What I Learned Before the Sun Came Up This Morning

My Christmas toy is a Kill A Watt, a cool little goober that you plug into an outlet to see how much electricity something uses. Today’s calculation: the desktop computer, despite being off, is responsible for about 2 percent of my average household electricity consumption.

Die, vampire! With my power strip that has an off switch, I drive a stake through your heart!

Gasoline Consumption Still Down

I remain amazed at this graph from EIA:

gasoline consumption

gasoline consumption

Consumption for the third week of December (the most recent available) jumped over the previous week, but it’s still 6 percent below the same week a year ago. Look at the right-hand tail on that graph!

The price, meanwhile, is $1.44 per gallon below last year at this time. You’ll recall from that economics class that you took many years ago that, ceteris paribus, (Gawd I’ve been wanting to say that!) a reduction in price leads to an increase in the quantity demanded. But ceteris is not paribus currently, on account of the whole economy being in the crapper and all, which means that income elasticity has taken hold, and we’re demanding an awful lot less gasoline.

The Energy Costs of Desalination

From my colleague Sean Olson, in today’s Albuquerque Journal (ad gated):

While desalinating water could become a valuable tool to support a growing New Mexico, residents will have to be ready to bite the bullet when it comes to the huge energy cost associated with the technique.
Experts say that cost comes in two forms: on water bills and in the environment.
“Here we are, trying to reduce energy use, and we’re looking at (water) options that use significant amounts of energy,” said Santa Fe water policy analyst Consuelo Bokum.

Feral Pigeons: Notes From a Blog Post I Never Got Around to Writing

  • Went bicycling looking for killdeer. Found one, but in the process also saw more than a hundred pigeons. (I counted. Somewhere I wrote down the number. It was something like 167, but when the subject is counting pigeons, you shouldn’t trust three-digit accuracy.)
  • There’s a great book about feral pigeons, called Feral Pigeons. Google books has it.
  • Pigeons do well in cities in part because they’re cliff-dwelling creatures.
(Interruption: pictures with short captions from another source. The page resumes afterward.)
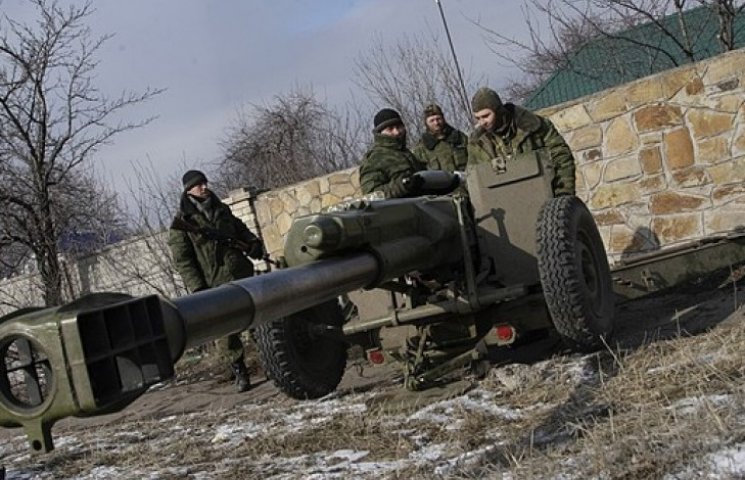 Боевики с ночи атакуют украинские позици…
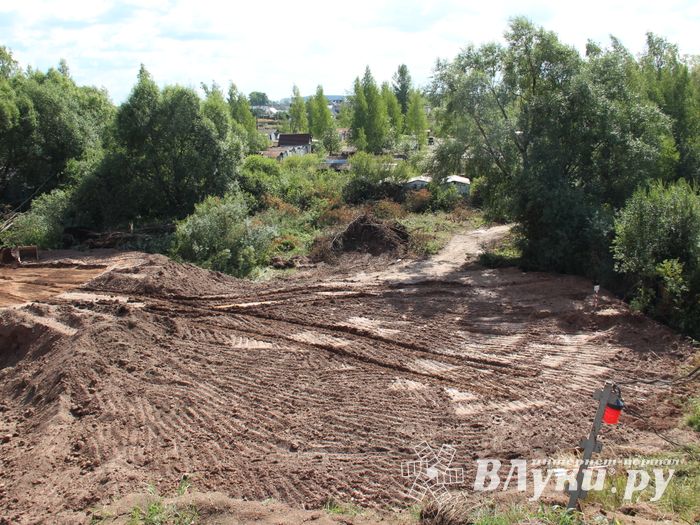  На месте строительства путепровода ведутся работы (фото)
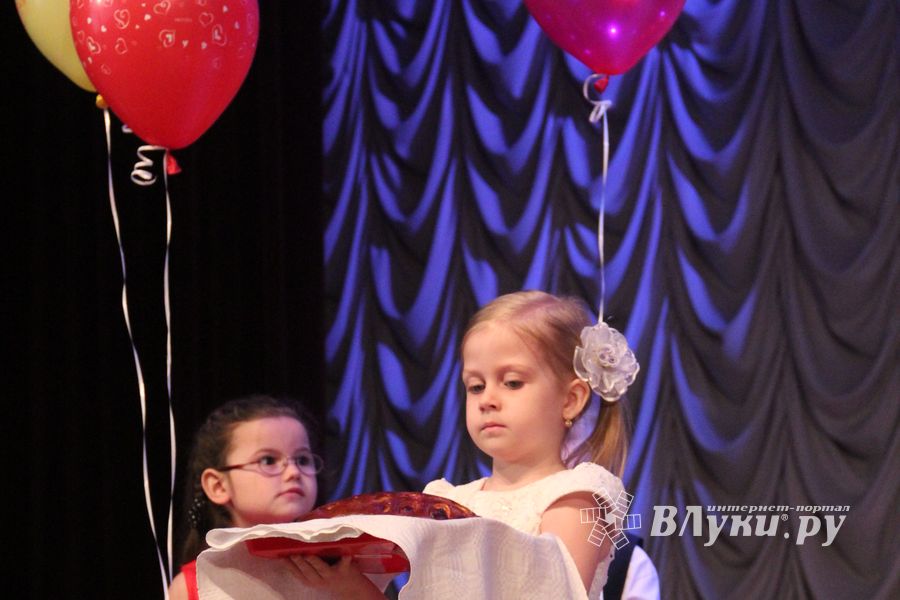 «Великолукская Веснянка»: детские сады 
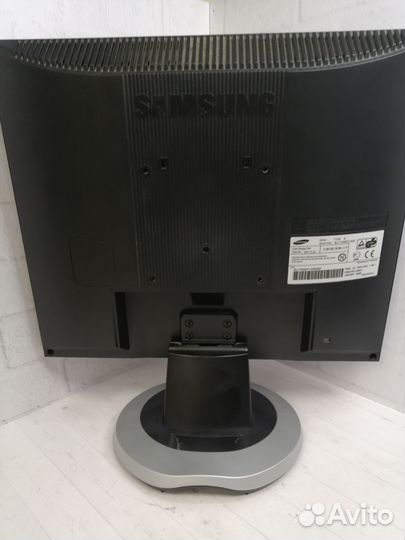 Монитор Samsung SyncMaster 710N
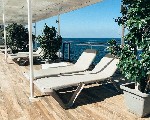 Terasz napozóágyakkal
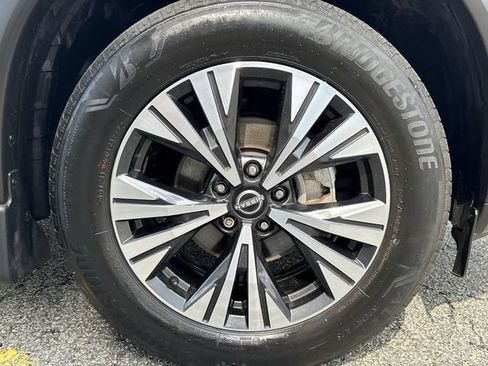 Certified 2023 Nissan Rogue SV w/ SV Premium B Package AWD/4WD image 13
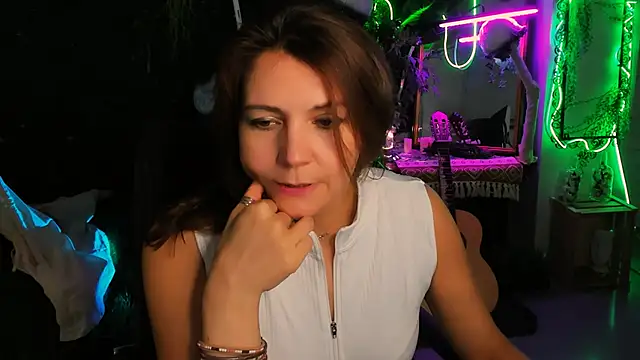 NicoleHitman online show from 11/26/25, 09:32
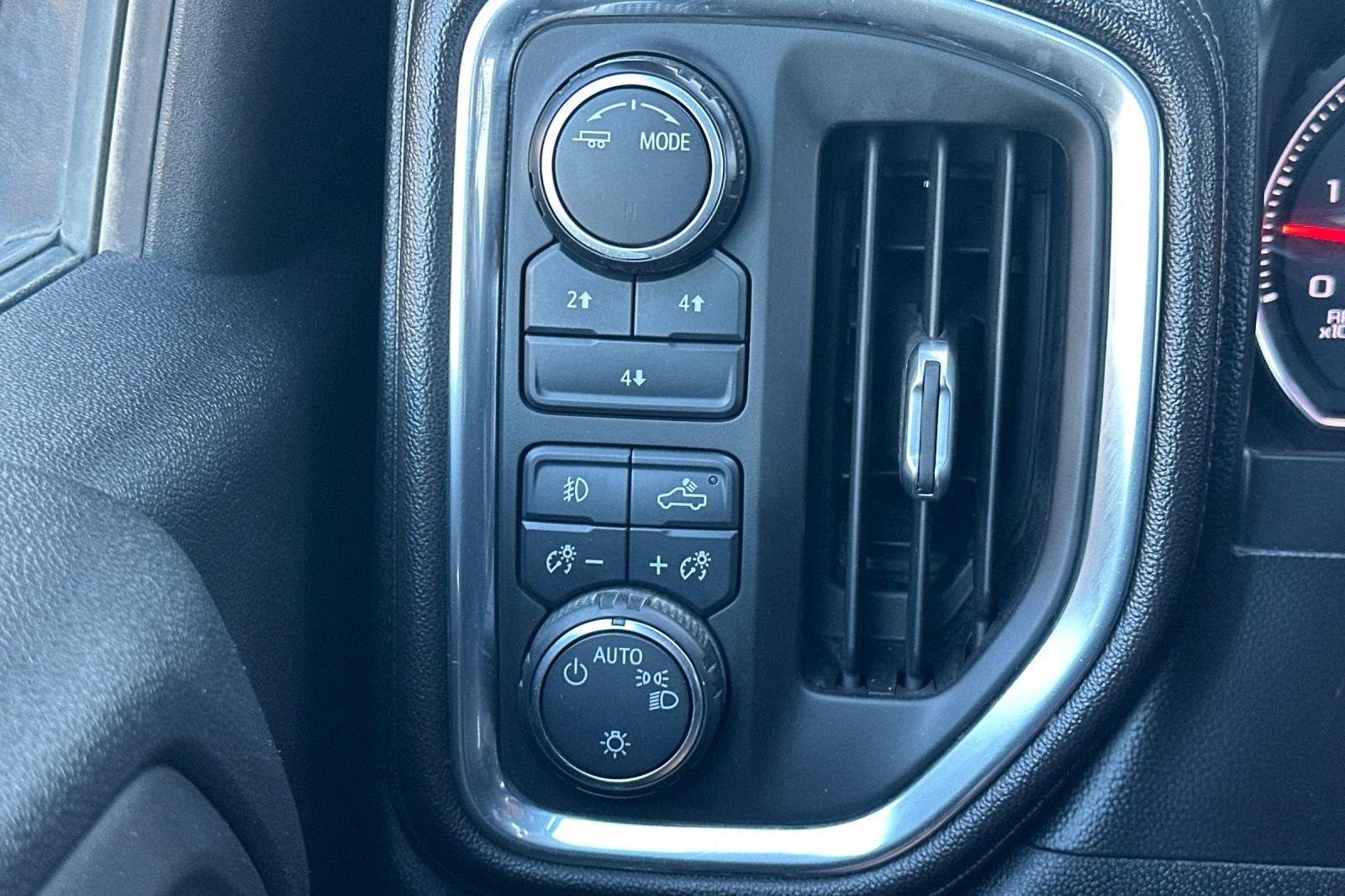 Used 2020 Chevrolet Silverado 2500 LT w/ Convenience Package AWD/4WD image 37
We build artificial cliffs for them.
  • Feral pigeons arrived in North America circa 1606 in Nova Scotia and Virginia.
  • Darwin wrote about pigeons.
  • Pigeons are the Warren Buffetts of birds. What they do looks absolutely ordinary, yet they do it with a spectacular success that is unmatched.
  • My sister, Lisa, hates pigeons.

In a perfect world, I’d have the time to sketch out a path through story space that touches all those bases, but I’m off to bed, so I’ll let you imagine the line of argument I might use.

pigeon

pigeon

Deflation

I’ve never lived through deflation, and don’t much understand its implications, so I’m reading Ben Bernanke’s Essays on the Great Depression. That got me wondering about the current numbers, which the St. Louis FRED site (“Better than Boing Boing!”) helpfully graphs for us:

Inflation, with and without energy

Consumer Price Index, with and without energy

Blue includes energy, red is without. Click through to see it bigger.
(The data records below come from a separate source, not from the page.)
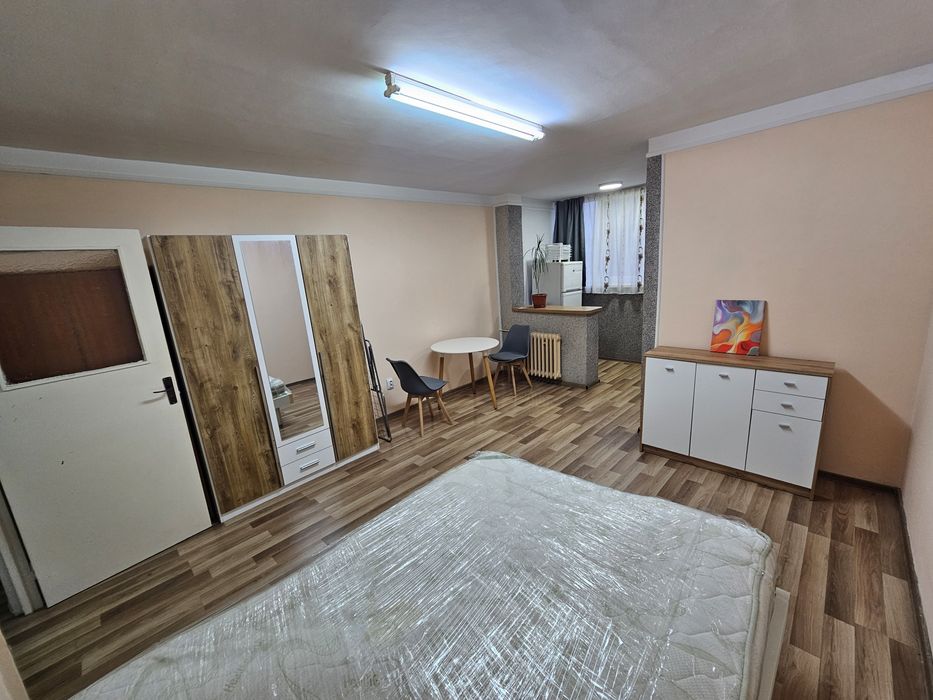 Inchiriez garsoniera zona Mănastur Toskana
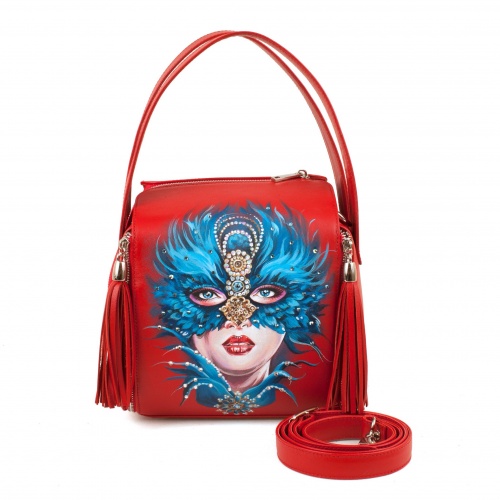 Квадратная Кожаная сумка "Незнакомка" ручной работы с рисунком и вышивкой на заказ
 фото 2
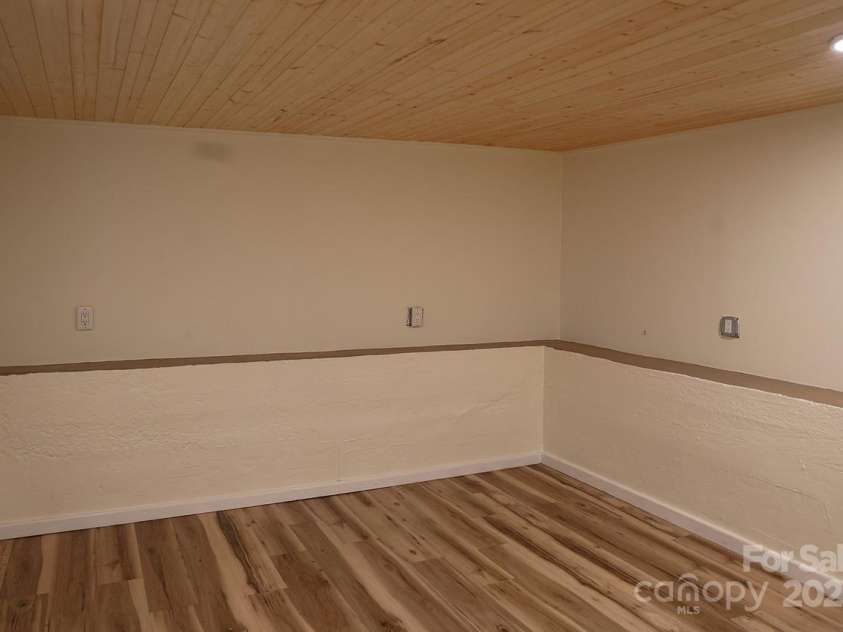 107 Riverview Drive, Asheville, NC 28806.  MLS# CAR4275298, YatesRealty ID 33909. Basement Flex Space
Elephant Diaries: The Overhead of Print

Jeff Jarvis, who has (for better or worse) become something of a new media guru stalking the land of the old, caused a bit of a stir in my world when he posted last Saturday on the amazing success of the LA Times news web operation:

David Westphal reports an important and historic crossing of the Rubicon for a major newspaper, recounting a discussion with LA Times editor Russ Stanton at USC: “Stanton said the Times’ Web site revenue now exceeds its editorial payroll costs.”

His response?

So why not go ahead and turn off the presses and the trucks and turn the Times into a pure news enterprise, disaggregated from its production and distribution businesses?
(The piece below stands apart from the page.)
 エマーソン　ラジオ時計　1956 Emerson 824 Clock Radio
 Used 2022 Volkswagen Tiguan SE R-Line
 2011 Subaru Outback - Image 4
That’s frankly breathtaking in its ignorance of the customers the Times is trying to serve. A million people a day (a million!) still fork over money to buy the print product. Those people are LA Times customers.

There are problems with the print product business model, to be sure. But for a supposedly smart business guru to suggest that a company abandon that many paying customers – as opposed to, say, figuring out how to continue selling them a product they seem to want? In what universe does that make any sense at all?

There are important lessons to learn from the LA Times on line success, but abandoning print is not one of them.

Elephant Diaries: The Confusion

There’s a common confusion among “Netizens” about the reason for the mainstream news media’s demise – the notion that newspapers are in decline because they have not done their job of informing the public well enough. Paul Mulshine, reporting from Newark, offers a different explanation:

They assume newspapers are going out of business because we aren’t doing what we in fact do amazingly well, which is to quickly analyze and report on complex public issues. The real reason they’re under pressure is much more mundane. The Internet can carry ads more cheaply, particularly help-wanted and automotive ads.

So if you want a car or a job, go to the Internet. But don’t expect that Web site to hire somebody to sit through town-council meetings and explain to you why your taxes will be going up. Soon, newspapers won’t be able to do it either.